**DATASET RECORDS:**
************
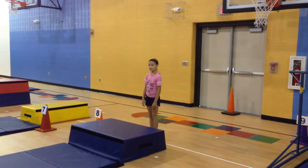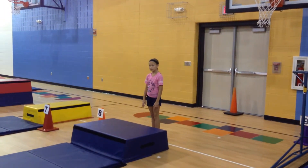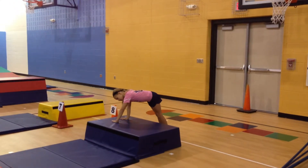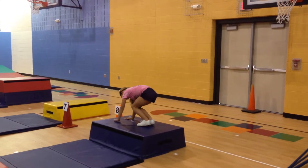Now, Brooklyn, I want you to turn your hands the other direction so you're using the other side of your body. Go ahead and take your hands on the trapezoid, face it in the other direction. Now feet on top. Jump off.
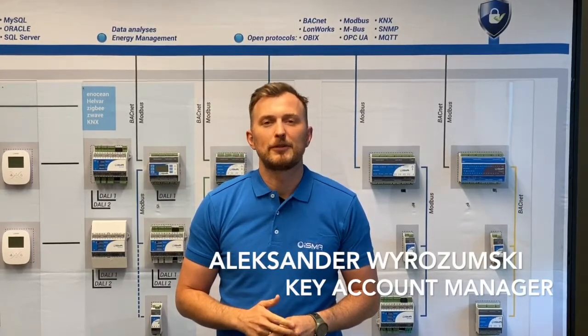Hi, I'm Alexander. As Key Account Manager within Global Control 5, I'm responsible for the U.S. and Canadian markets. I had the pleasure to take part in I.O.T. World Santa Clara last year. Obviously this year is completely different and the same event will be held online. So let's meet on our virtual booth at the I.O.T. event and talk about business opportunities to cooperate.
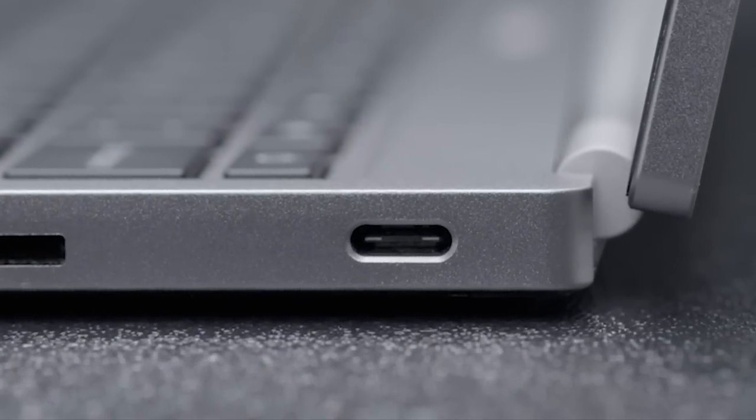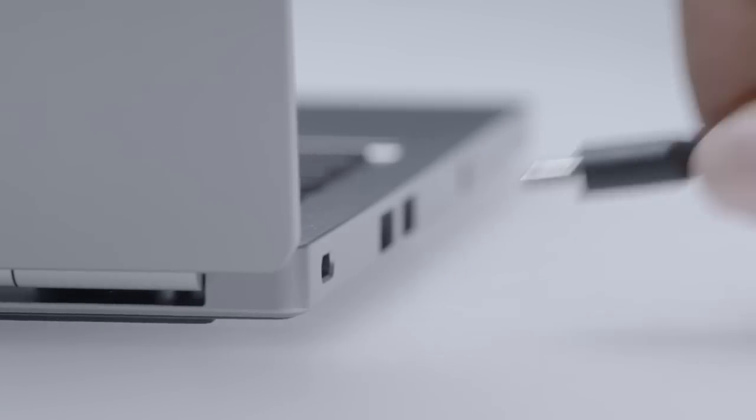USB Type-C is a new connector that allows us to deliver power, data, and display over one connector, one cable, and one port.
************
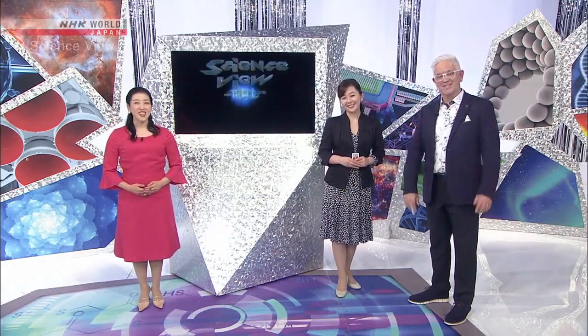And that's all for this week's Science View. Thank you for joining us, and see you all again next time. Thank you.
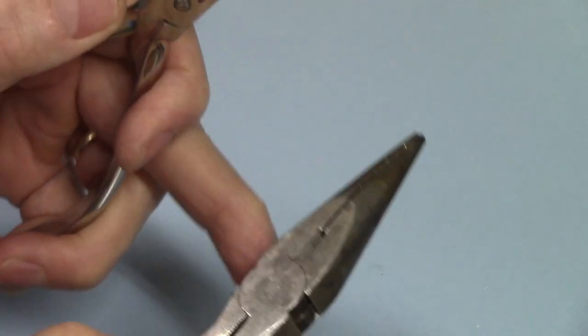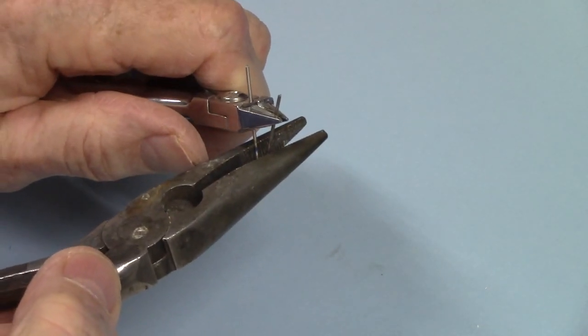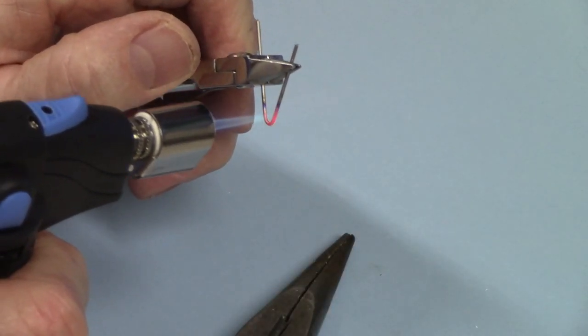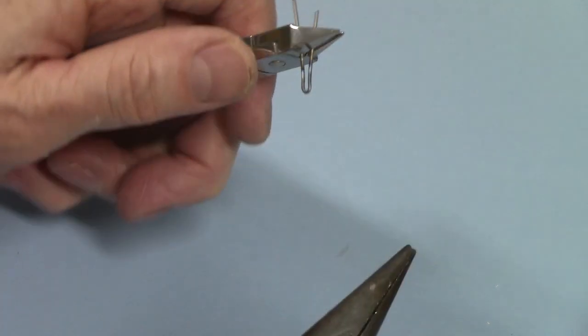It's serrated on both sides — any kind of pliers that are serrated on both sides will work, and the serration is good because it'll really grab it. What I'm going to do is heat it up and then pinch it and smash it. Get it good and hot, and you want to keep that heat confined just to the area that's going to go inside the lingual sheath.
************
**EXERCISE REQUIREMENTS:**
Using the entries above, write out exactly the lines from the one with "Now, Brooklyn, I" through the one with "USB Type-C is", ends included. Leave out any pictures.

**SOLUTION TO THIS EXERCISE:**
Now, Brooklyn, I want you to turn your hands the other direction so you're using the other side of your body. Go ahead and take your hands on the trapezoid, face it in the other direction. Now feet on top. Jump off.
Hi, I'm Alexander. As Key Account Manager within Global Control 5, I'm responsible for the U.S. and Canadian markets. I had the pleasure to take part in I.O.T. World Santa Clara last year. Obviously this year is completely different and the same event will be held online. So let's meet on our virtual booth at the I.O.T. event and talk about business opportunities to cooperate.
USB Type-C is a new connector that allows us to deliver power, data, and display over one connector, one cable, and one port.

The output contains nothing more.